### Instructions for the task
Examine the records and identify each line that includes the string "Game". Copy those lines.

Data entries
Segment Open

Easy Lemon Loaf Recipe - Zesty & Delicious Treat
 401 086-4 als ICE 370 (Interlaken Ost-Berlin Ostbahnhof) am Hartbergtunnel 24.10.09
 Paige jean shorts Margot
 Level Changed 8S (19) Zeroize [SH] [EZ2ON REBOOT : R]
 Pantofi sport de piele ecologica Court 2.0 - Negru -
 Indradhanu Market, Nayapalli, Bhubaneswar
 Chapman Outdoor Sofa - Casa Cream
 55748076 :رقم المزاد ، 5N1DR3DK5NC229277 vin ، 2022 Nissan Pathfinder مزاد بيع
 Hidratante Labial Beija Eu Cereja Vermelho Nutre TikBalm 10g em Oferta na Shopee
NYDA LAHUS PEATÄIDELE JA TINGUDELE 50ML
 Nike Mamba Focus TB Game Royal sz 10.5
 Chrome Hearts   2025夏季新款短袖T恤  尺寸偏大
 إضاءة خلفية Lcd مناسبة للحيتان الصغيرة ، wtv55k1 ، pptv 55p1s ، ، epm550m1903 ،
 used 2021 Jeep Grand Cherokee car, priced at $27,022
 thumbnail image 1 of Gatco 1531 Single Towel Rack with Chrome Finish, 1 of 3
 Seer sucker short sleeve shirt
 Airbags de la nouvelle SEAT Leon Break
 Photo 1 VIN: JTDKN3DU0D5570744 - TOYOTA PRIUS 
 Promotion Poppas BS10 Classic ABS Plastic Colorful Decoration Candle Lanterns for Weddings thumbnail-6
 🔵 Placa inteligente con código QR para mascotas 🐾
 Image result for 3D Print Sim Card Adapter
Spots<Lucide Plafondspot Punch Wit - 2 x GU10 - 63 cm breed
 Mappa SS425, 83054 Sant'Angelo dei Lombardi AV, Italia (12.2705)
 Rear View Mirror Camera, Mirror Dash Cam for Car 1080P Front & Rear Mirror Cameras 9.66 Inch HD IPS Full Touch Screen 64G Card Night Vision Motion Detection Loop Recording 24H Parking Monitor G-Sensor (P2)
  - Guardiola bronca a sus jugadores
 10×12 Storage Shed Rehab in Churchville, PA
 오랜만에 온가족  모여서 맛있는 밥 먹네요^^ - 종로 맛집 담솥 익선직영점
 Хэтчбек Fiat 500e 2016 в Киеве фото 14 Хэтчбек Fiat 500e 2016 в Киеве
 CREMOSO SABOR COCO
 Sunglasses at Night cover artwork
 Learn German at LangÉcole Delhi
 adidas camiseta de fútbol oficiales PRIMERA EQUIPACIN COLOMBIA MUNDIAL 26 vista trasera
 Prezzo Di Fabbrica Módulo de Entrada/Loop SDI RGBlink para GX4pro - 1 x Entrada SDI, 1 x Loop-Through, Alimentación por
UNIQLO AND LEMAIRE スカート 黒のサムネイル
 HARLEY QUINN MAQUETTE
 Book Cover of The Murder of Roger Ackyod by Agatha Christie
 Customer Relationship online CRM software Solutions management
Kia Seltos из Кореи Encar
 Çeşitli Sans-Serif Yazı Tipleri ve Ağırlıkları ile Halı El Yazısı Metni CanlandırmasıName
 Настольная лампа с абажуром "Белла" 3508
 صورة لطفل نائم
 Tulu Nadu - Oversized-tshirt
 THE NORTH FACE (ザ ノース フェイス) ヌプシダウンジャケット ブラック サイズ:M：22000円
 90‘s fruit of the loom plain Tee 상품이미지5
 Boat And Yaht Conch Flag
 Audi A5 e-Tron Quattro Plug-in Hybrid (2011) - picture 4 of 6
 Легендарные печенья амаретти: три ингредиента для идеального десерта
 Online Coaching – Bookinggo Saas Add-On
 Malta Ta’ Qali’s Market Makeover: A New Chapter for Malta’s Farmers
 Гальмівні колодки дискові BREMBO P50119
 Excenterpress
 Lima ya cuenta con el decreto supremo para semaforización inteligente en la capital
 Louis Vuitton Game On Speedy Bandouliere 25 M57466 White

Segment Closed

### Problem solution
 Nike Mamba Focus TB Game Royal sz 10.5
 Louis Vuitton Game On Speedy Bandouliere 25 M57466 White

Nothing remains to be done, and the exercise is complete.